The ICMSA says the State should create a single authority for waters and flooding, adding that overall responsibility for a nationwide response has been diluted by the “plethora” of agencies covering the issue.
ICMSA president John Comer said the country needs a national waterways authority that would take over responsibility for the oversight and maintenance of the State’s internal waterways and designated stretches of coastline.
“We have county councils, the Department of the Environment, OPW, National Parks and Wildlife Service, the ESB, various fisheries boards — even the Land Commission has some residual issues in certain parts of the state despite the fact that it was abolished decades ago,” Mr Comer said.
“We have a situation where there is a plethora of agencies and bodies all sharing responsibility for the oversight and maintenance of our waterways and coastlines with resultant confusion about who’s doing what — or, in very many cases, who’s not doing what.”
Mr Comer said it was a truism in every facet of administration that where everyone is responsible then nobody is, and that this is very evidently the case where it comes to oversight and responsibility for rivers and coastal areas.
He said nobody could disentangle the various strands of responsibility, describing the administrative overload as a recipe for chaos and inaction.
“A central authority has to be the first step in any serious attempt to address what looks likely to be a ongoing and potentially very serious threat to large swathes of the country.
“It’s cost-free and it’s logical: The Government should move immediately to set up a national waterways authority and establish its supremacy in all matters pertaining to our waterways.”
Mr Comer said the rural community has welcomed signals that the threat and reality of massive and frequent flooding is finally going to be taken seriously by the Government . He said that this seeming shift in policy will now have to translate into a budget, a plan and action.
Agriculture Minister Simon Coveney said last week that he recognised the difficulties and the hardship being experienced as a result of the recent storms and rainfall — land which is very wet and where slurry tanks full or nearly full.
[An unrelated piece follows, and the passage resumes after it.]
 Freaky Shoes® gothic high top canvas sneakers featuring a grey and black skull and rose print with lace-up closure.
He reassured farmers that he and his department will do all that is possible to assist them at this time.
He said the department would take a common sense approach and that farmers need not be worried or concerned in relation to farm inspections. Where severe storms have damaged fences and where grazing land has large deposits of stone or debris, farmers will not be penalised under direct payments schemes, Mr Coveney said.
“My department is also in close contact with farm organisations through the Farm Animal Welfare Advisory Council, whose members on the ground are very well-placed to assess the situation. It is at times like this where the community spirit within the farming community comes to the fore.”
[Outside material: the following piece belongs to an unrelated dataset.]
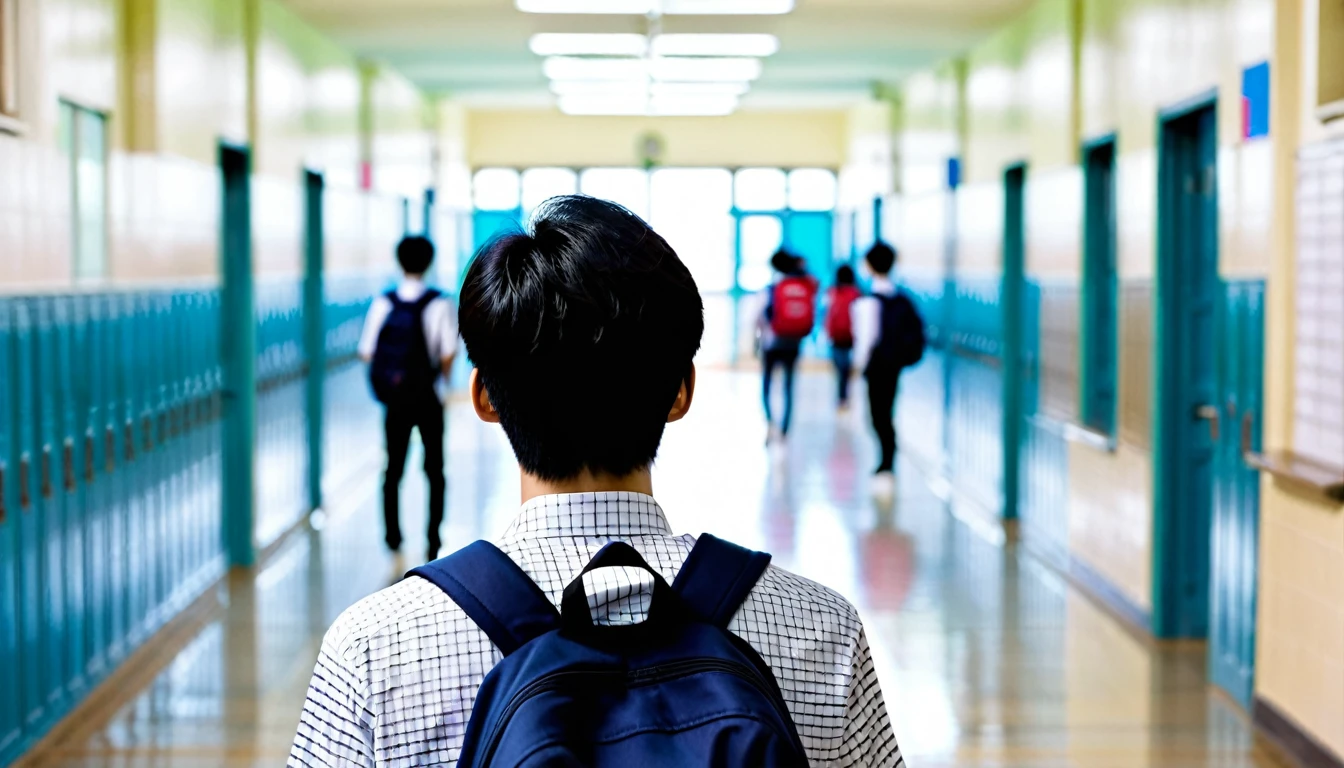 A dramatic image, a korean male student from behind, he is facing a massive of delinquent students alone, realictic image, blurry background, in the hallway school, korean school, best image:2, best quality:2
Teagasc advisers have said that the main issues facing farmers relate to flooding of farm land, managing slurry storage, ensuring livestock have enough fodder, and preparing for fertilising grassland once the weather and ground conditions improve.
Storms, heavy rain, and floods create additional health and safety risks and farmers need to take extra care to avoid accidents and injury during stormy periods.
Farmers are advised to ensure clean rainwater is diverted away from slurry storage tanks.
Storage tanks are filling up after the winter and ground conditions are not currently suitable for spreading. Slurry can be moved from full tanks to ones where there is still some capacity. When weather conditions improve, farmers can spread small quantities on drier fields. Avoid sloping fields, Teagasc added.
Dr Tom Kelly, Teagasc director of knowledge transfer, said: “Little or no fertiliser has been spread for early grass or for crops. Wait for conditions to improve to spread fertiliser, but have it ordered and in the yard so that it can be applied when the conditions and forecast are better.”